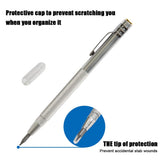 IMT 2 Sets Glass Scribe Tool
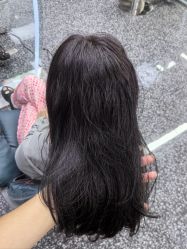 -飞梵造型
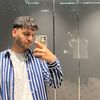 _yasso_99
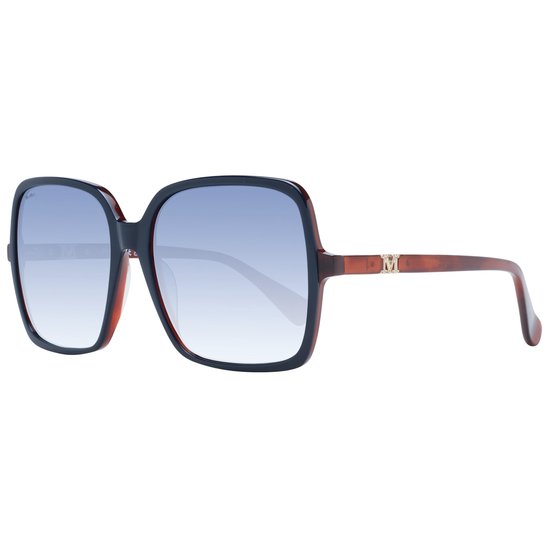 Max Mara Sunglasses MM0037 92W 60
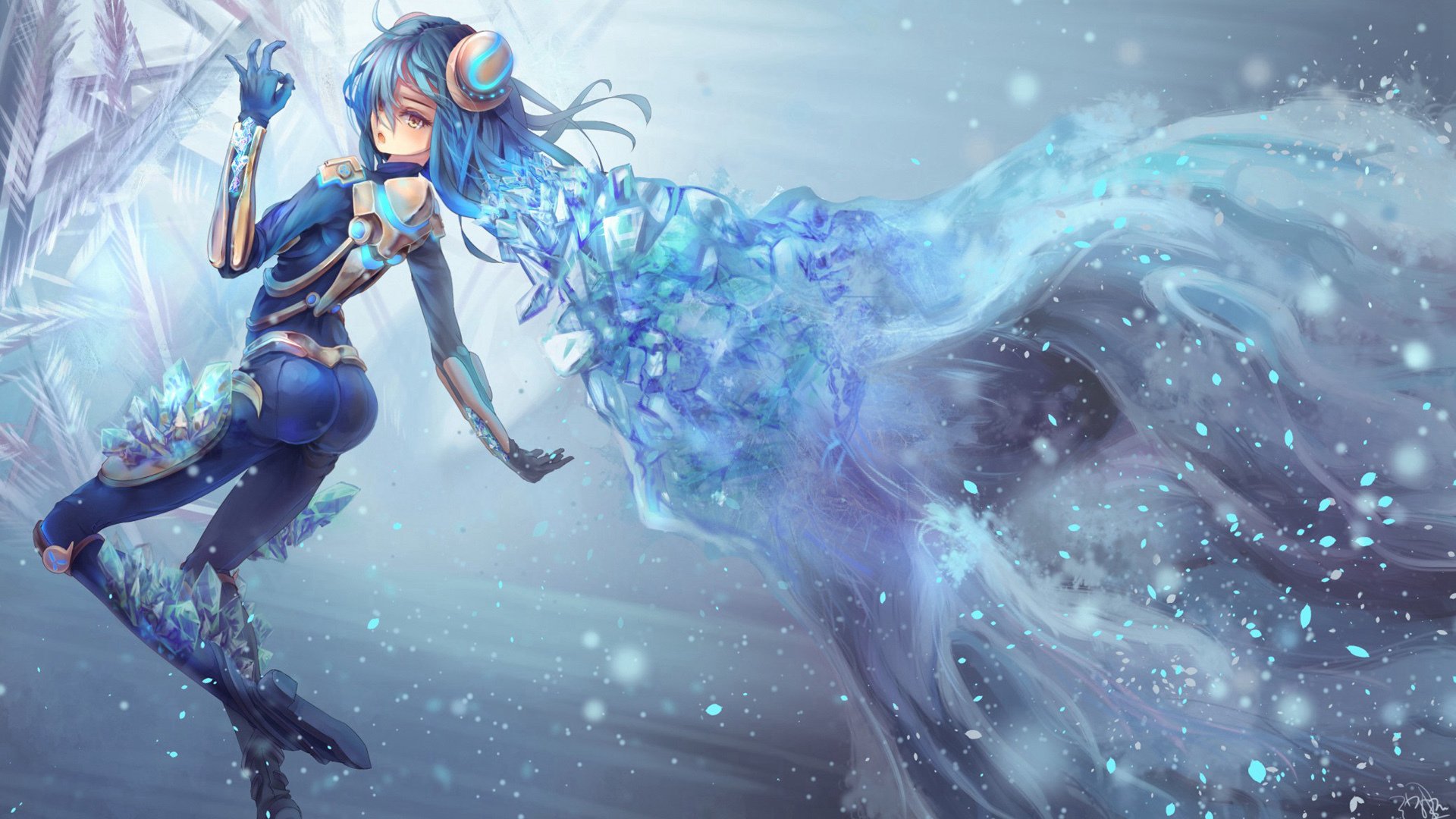 开云网站-得分方式多样的球员更难被限制吗，球员得分怎么算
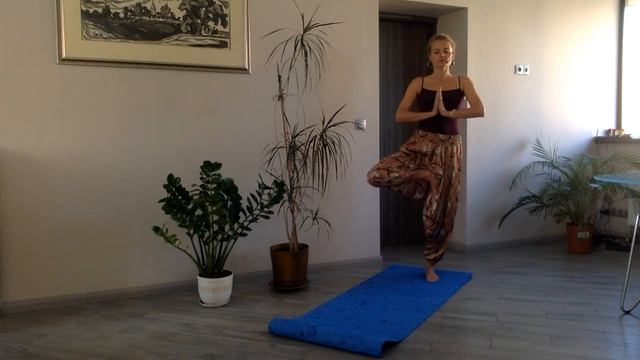 ЗОЖ или руководство к действию №7. смотреть онлайн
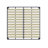 Bed Frame-387425317-387425319
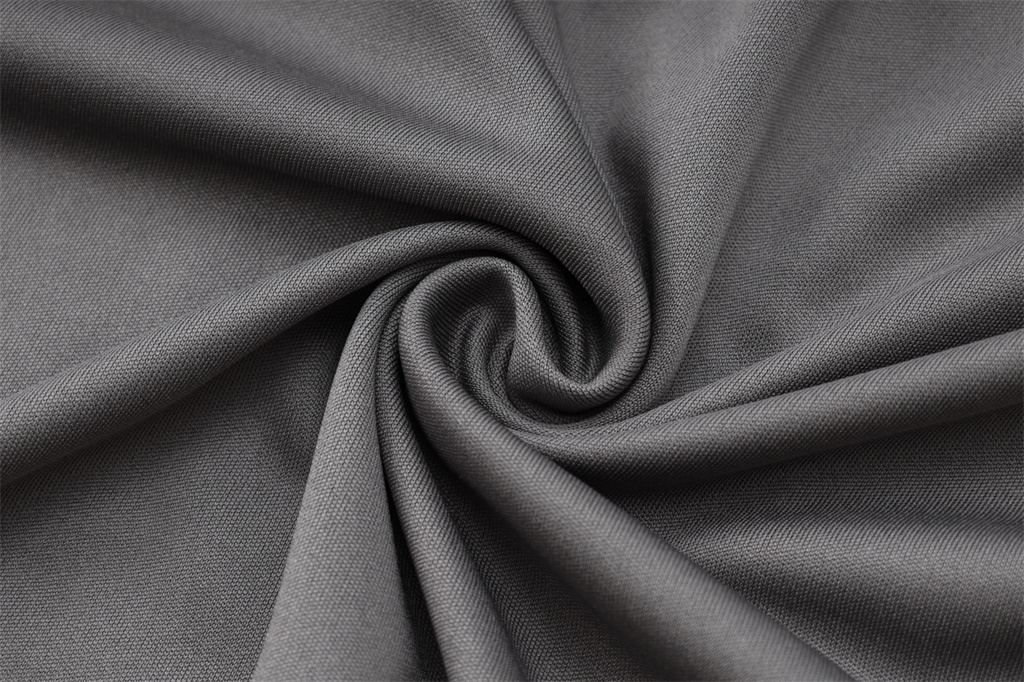 Tottenham Hotspur Training Short sleeve Suit 24/25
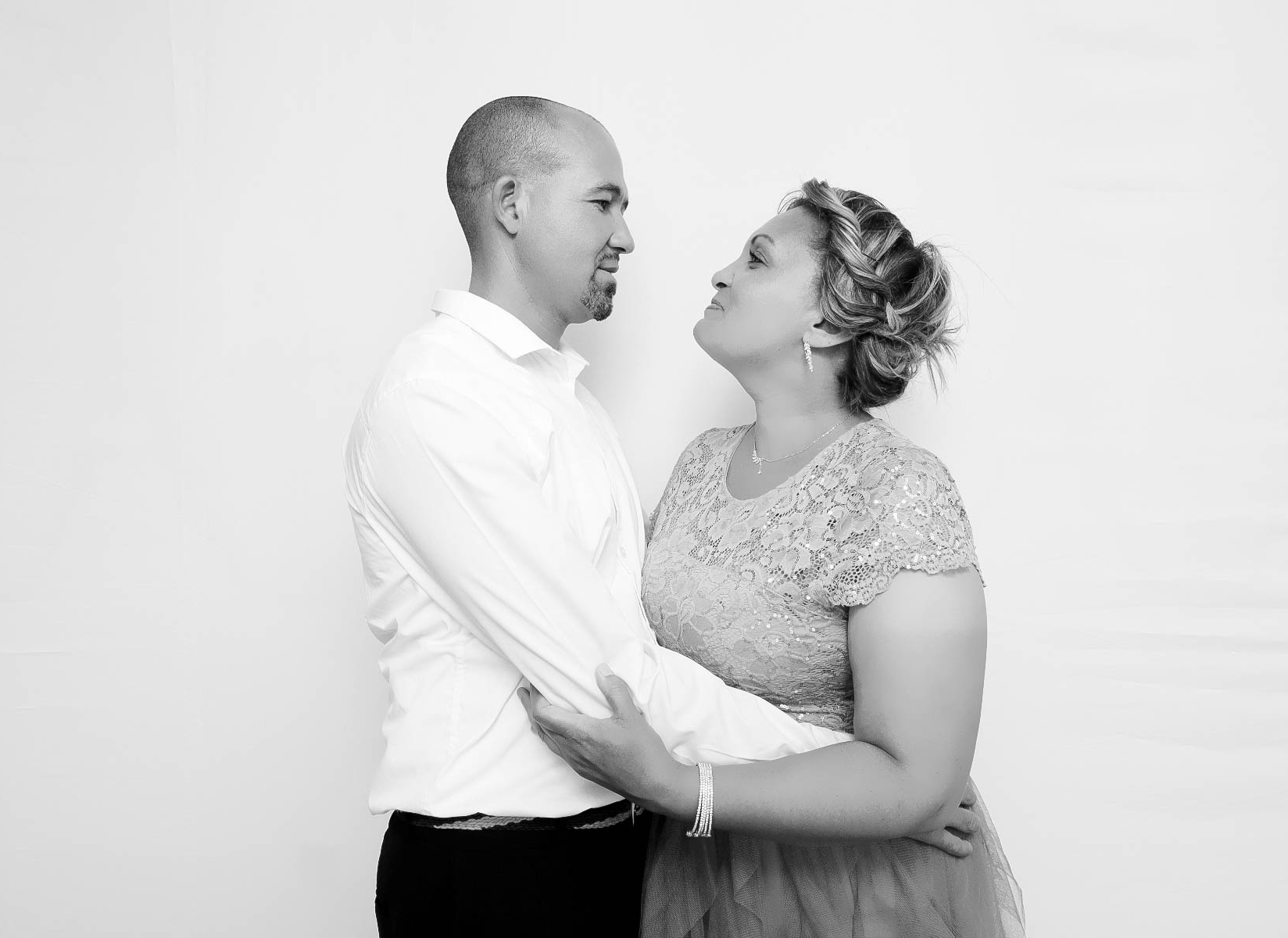 Ilana & Irwin | View more photos from the event at photos.goldotter.co.za/u/GoldOtterMedia/Ilana-Irwin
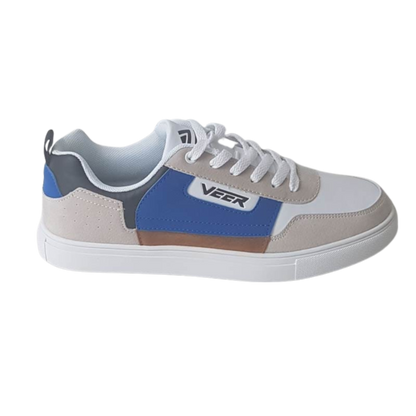 Sneaker 1831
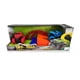 thumbnail image 1 of Jeep Monster Truck 2, 1 of 1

────────────────────────────────────────

■ **PROMPT**
Output the records verbatim, every one of them, and keep the pictures out.

■ **SOLUTION TO THIS TASK**
 IMT 2 Sets Glass Scribe Tool
 -飞梵造型
 _yasso_99
 Max Mara Sunglasses MM0037 92W 60
 开云网站-得分方式多样的球员更难被限制吗，球员得分怎么算
 ЗОЖ или руководство к действию №7. смотреть онлайн
 Bed Frame-387425317-387425319
 Tottenham Hotspur Training Short sleeve Suit 24/25
 Ilana & Irwin | View more photos from the event at photos.goldotter.co.za/u/GoldOtterMedia/Ilana-Irwin
 Sneaker 1831
 thumbnail image 1 of Jeep Monster Truck 2, 1 of 1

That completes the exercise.